* Your task *
Exactly the lines from the one containing "Close-up of a pile" through the final line of the data below, with pictures omitted, make up the answer.

Caption-style text data:
= = = = = = =

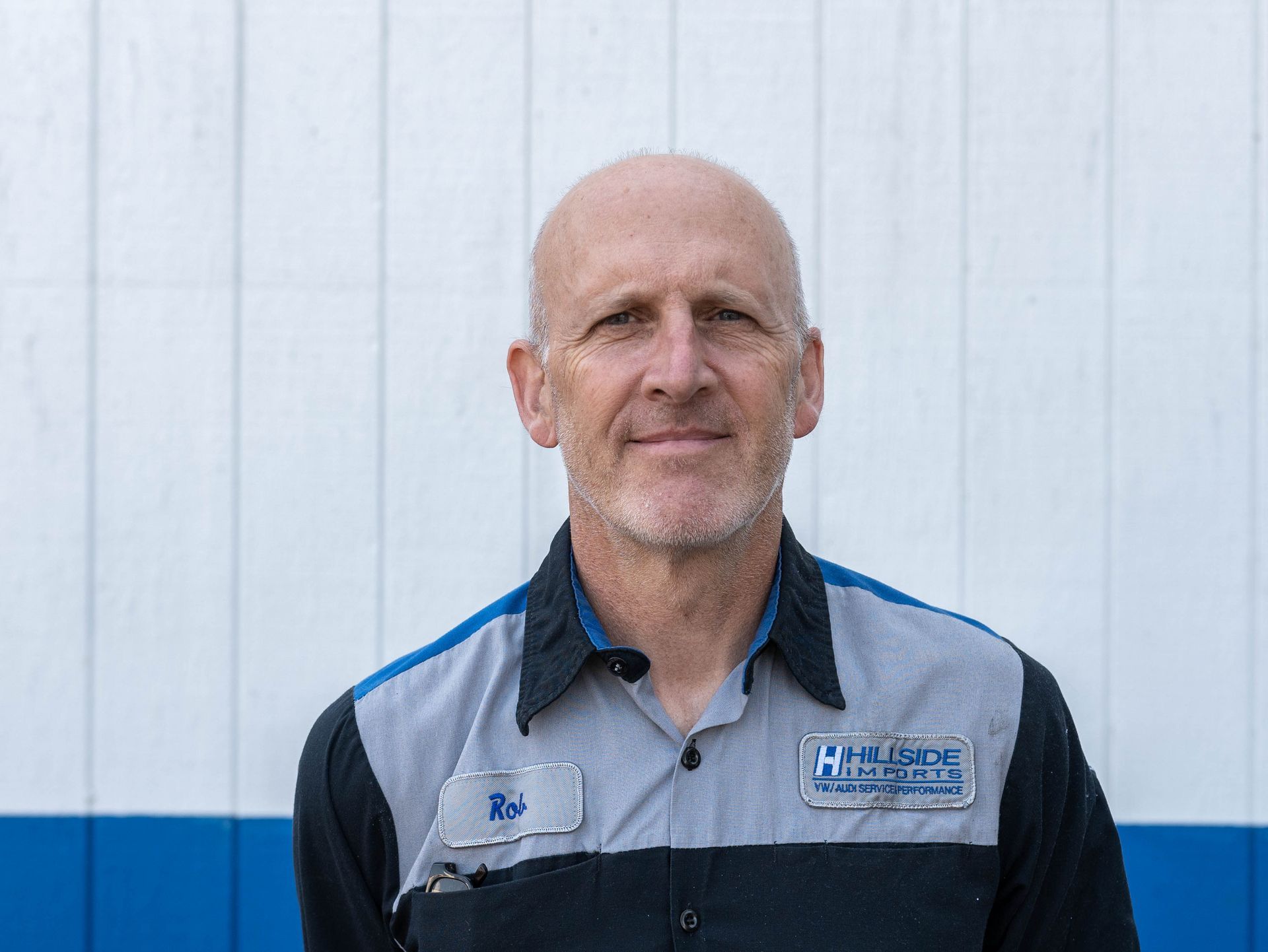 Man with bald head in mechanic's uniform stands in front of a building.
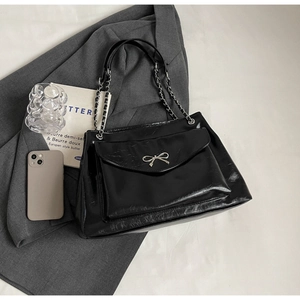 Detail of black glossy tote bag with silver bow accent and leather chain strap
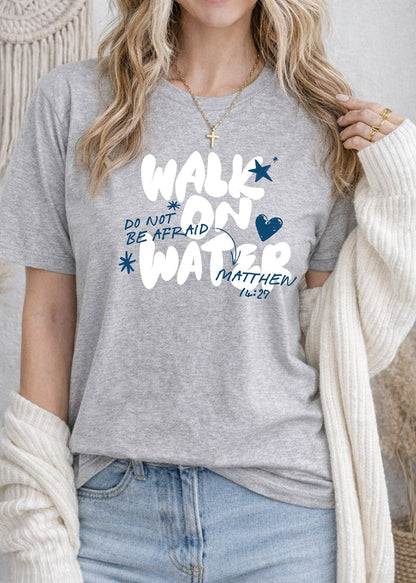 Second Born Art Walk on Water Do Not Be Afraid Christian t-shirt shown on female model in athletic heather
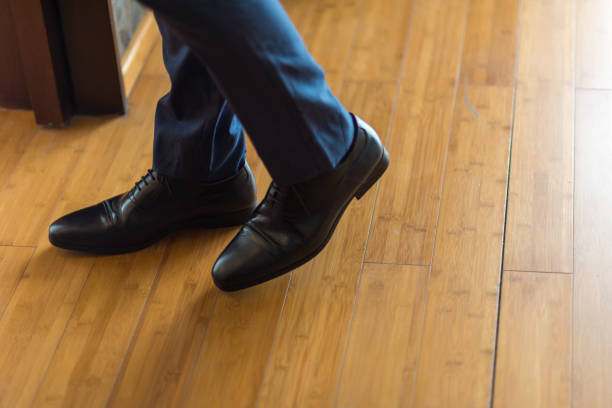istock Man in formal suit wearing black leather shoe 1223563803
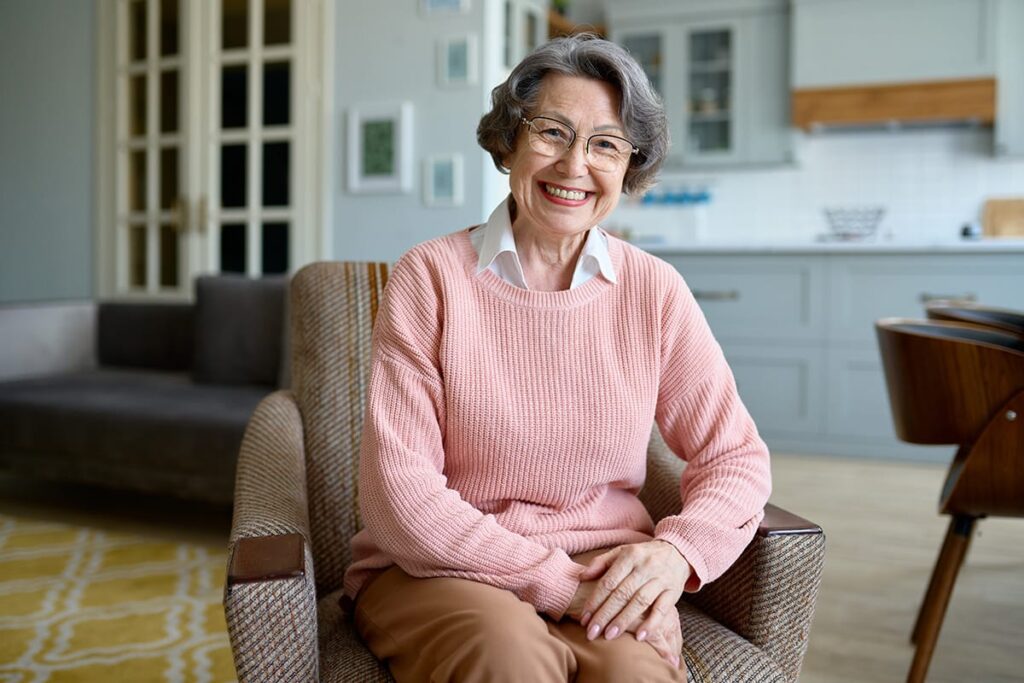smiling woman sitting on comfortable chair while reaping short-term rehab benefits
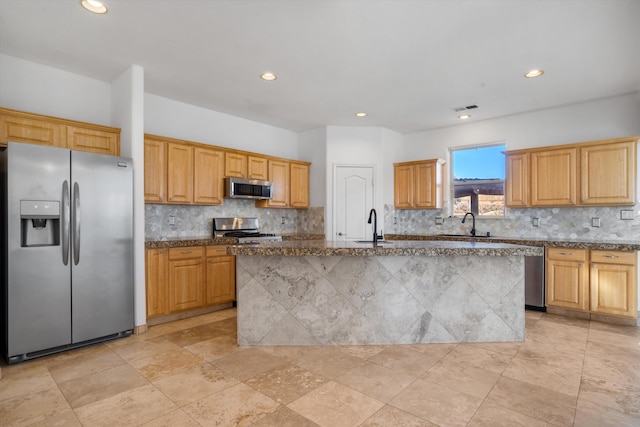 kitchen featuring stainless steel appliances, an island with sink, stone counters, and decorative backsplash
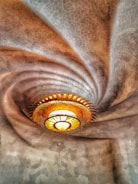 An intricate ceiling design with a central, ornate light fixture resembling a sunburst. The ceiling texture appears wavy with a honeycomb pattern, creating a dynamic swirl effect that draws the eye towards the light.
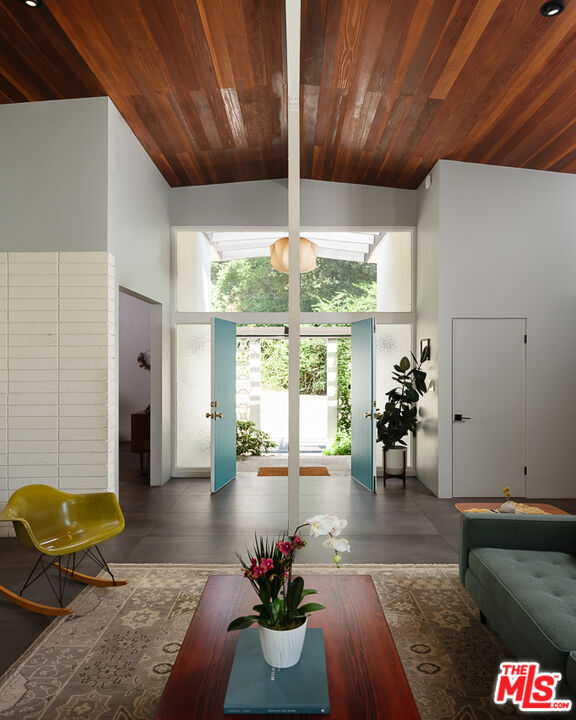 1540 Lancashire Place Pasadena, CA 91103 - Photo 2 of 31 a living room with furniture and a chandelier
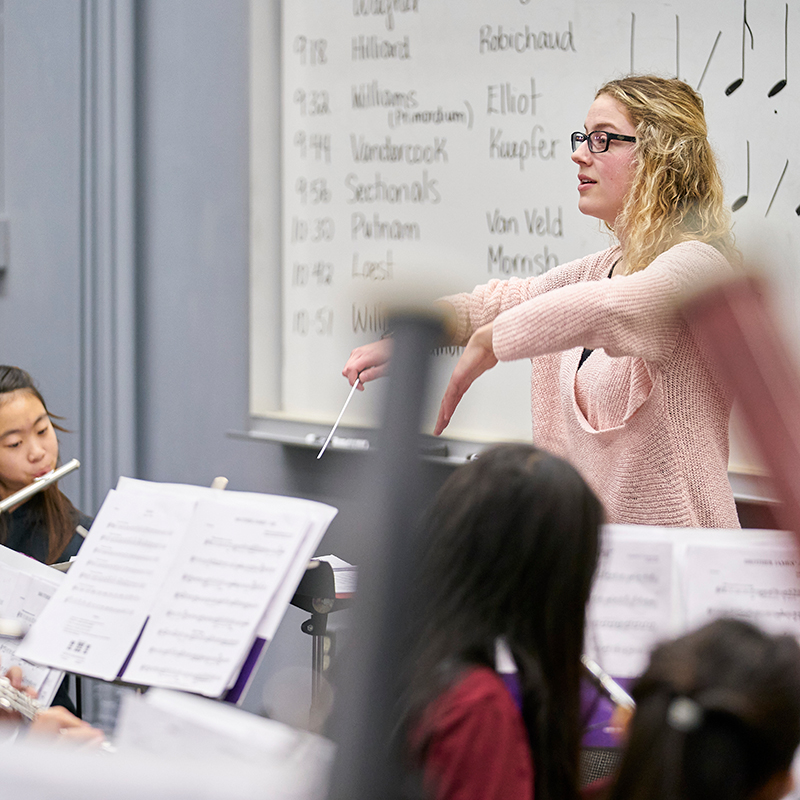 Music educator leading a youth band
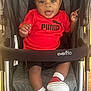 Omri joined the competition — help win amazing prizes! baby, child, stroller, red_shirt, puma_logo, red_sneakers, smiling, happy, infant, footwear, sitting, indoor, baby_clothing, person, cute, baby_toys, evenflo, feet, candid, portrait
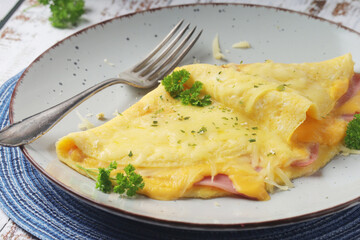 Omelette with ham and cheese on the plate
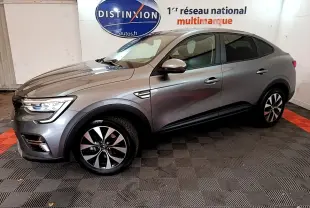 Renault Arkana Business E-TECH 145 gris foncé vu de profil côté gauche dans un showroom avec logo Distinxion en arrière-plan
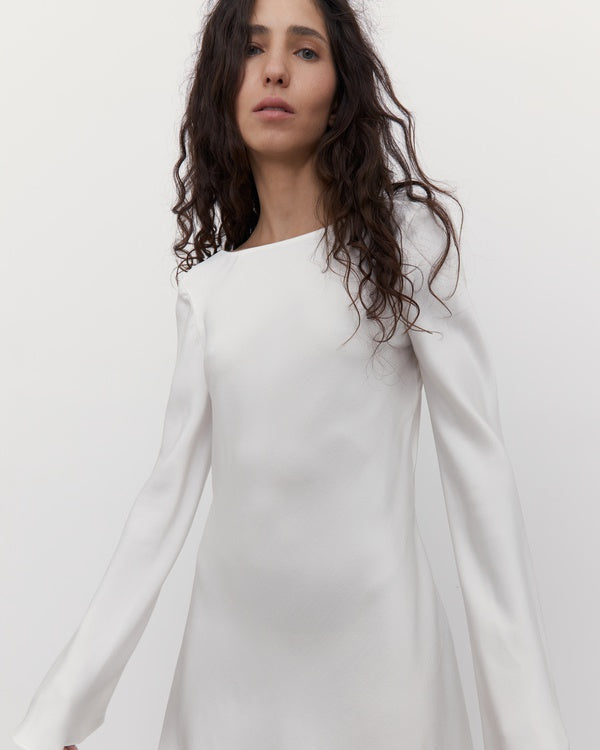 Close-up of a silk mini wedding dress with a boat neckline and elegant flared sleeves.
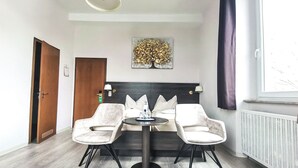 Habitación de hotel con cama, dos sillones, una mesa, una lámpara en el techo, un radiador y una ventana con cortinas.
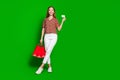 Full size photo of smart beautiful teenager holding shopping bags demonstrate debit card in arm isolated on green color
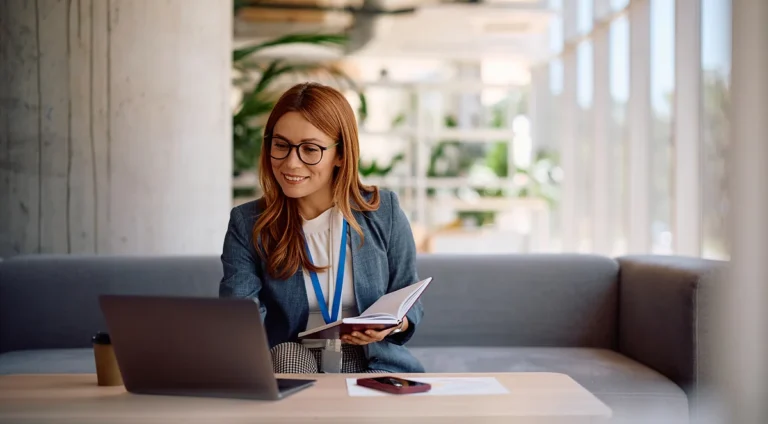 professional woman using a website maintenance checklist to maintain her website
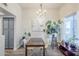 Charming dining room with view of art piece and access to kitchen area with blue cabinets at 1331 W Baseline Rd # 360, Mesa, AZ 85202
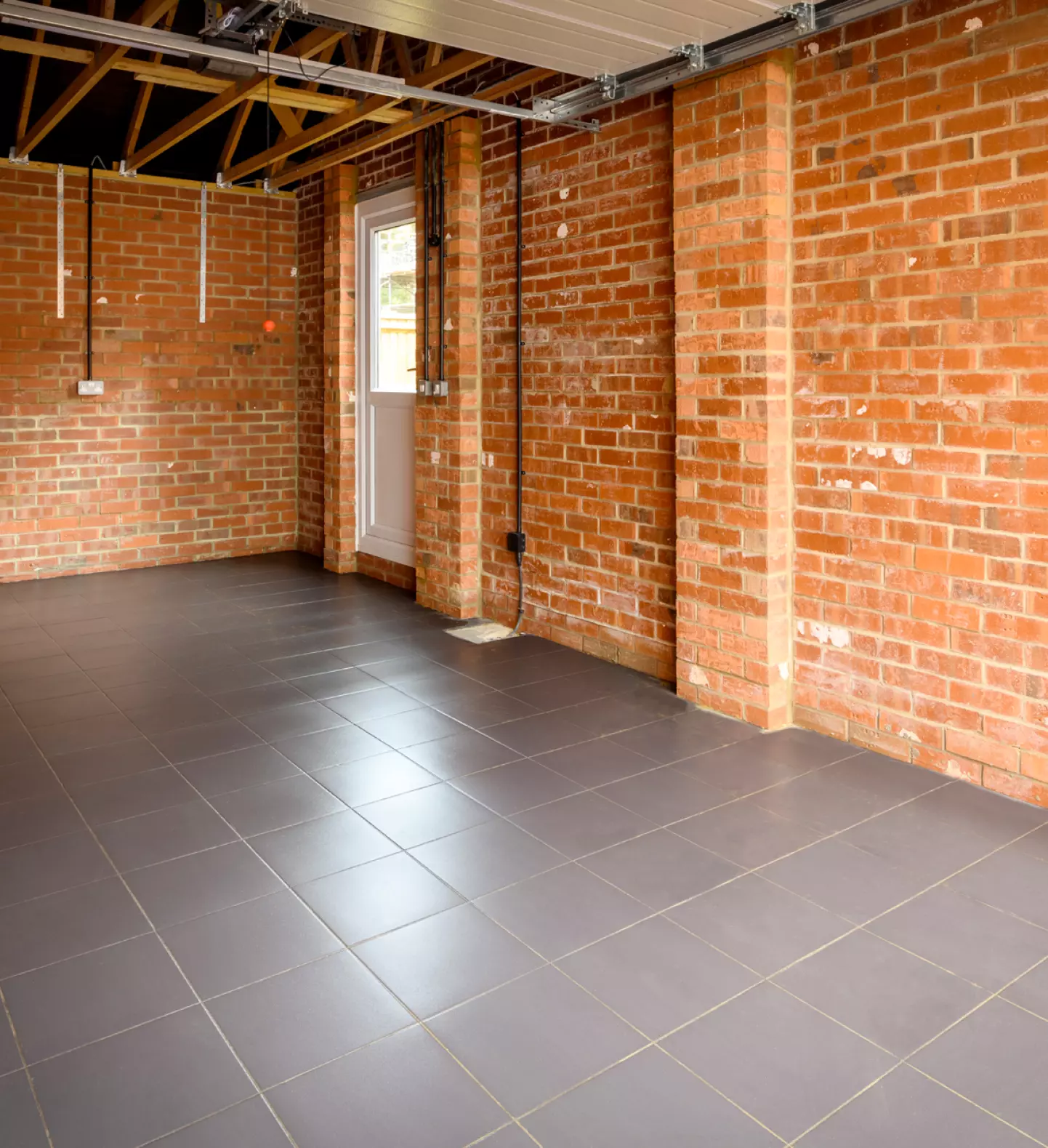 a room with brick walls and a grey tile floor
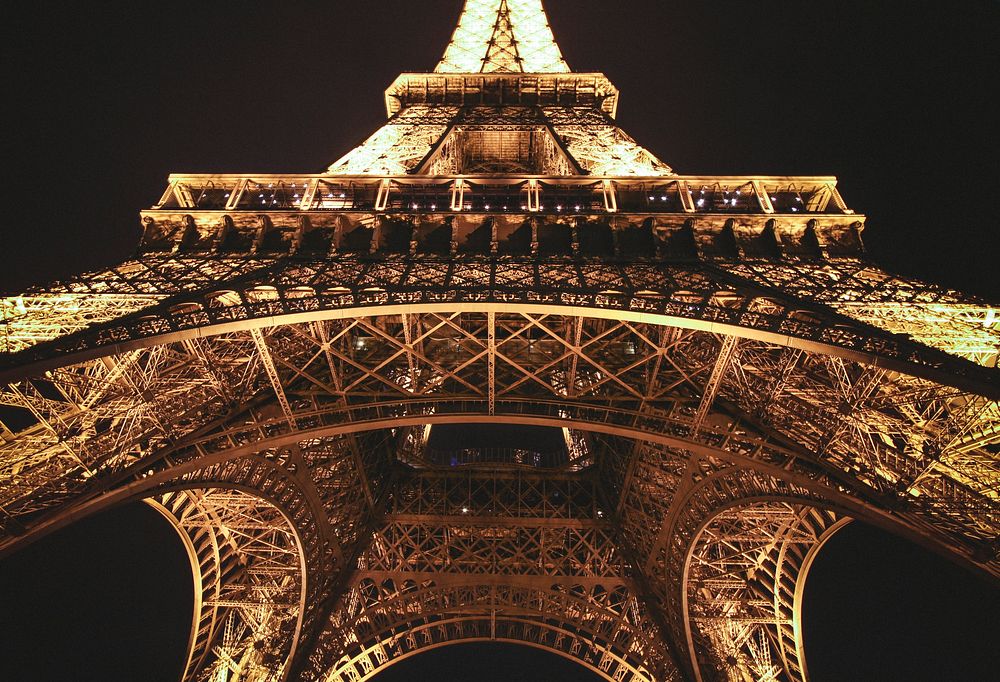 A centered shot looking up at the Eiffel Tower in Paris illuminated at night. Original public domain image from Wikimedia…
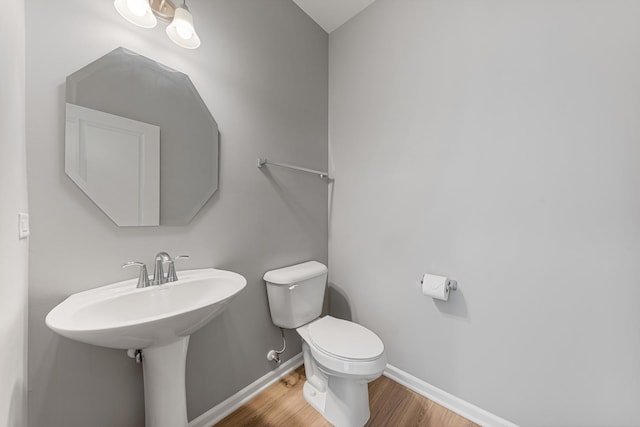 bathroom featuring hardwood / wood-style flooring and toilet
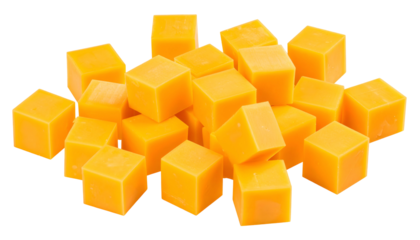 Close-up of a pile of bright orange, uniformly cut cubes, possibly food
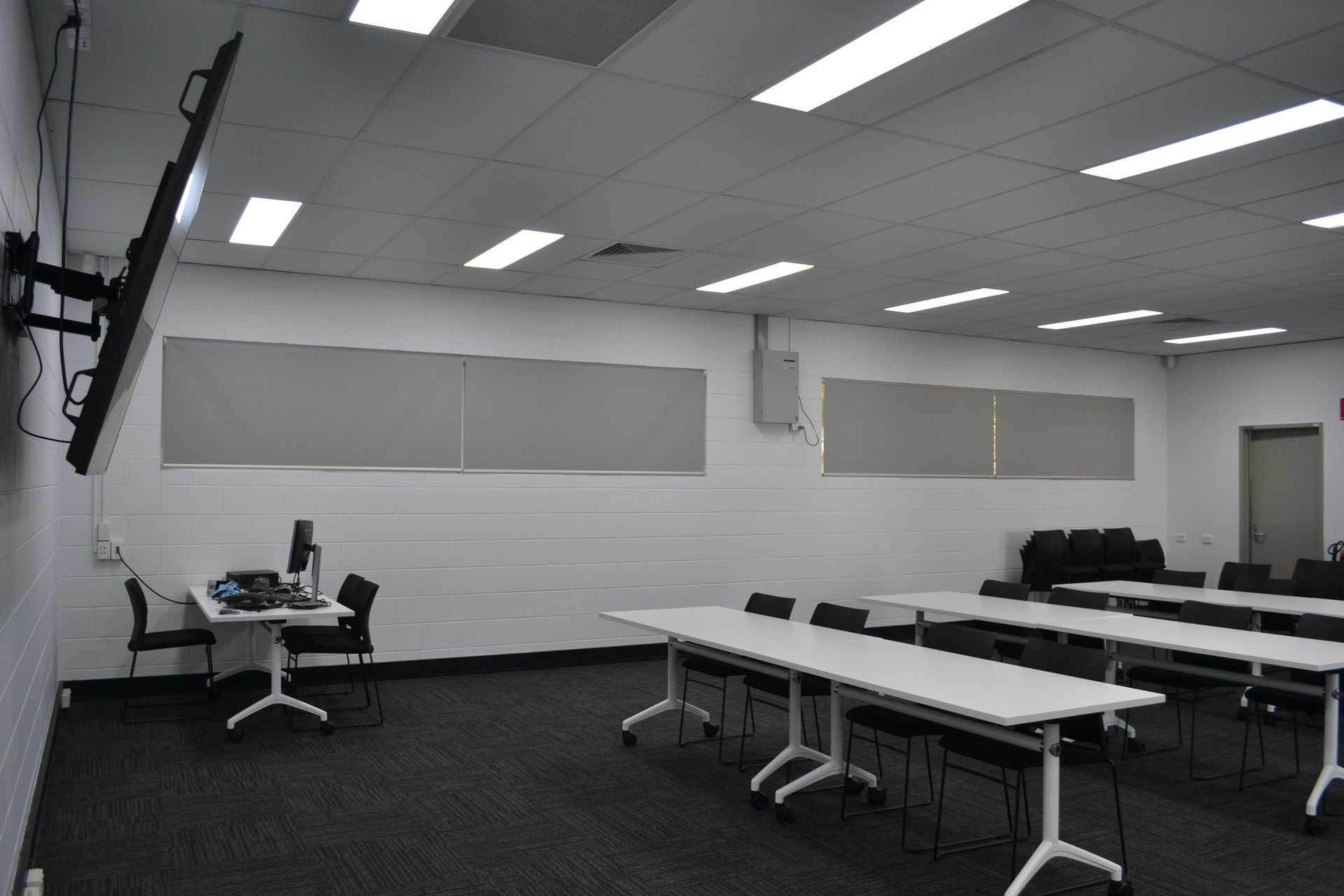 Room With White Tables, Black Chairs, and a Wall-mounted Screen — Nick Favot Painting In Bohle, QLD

= = = = = = =

* Exercise response *
 Close-up of a pile of bright orange, uniformly cut cubes, possibly food
 Room With White Tables, Black Chairs, and a Wall-mounted Screen — Nick Favot Painting In Bohle, QLD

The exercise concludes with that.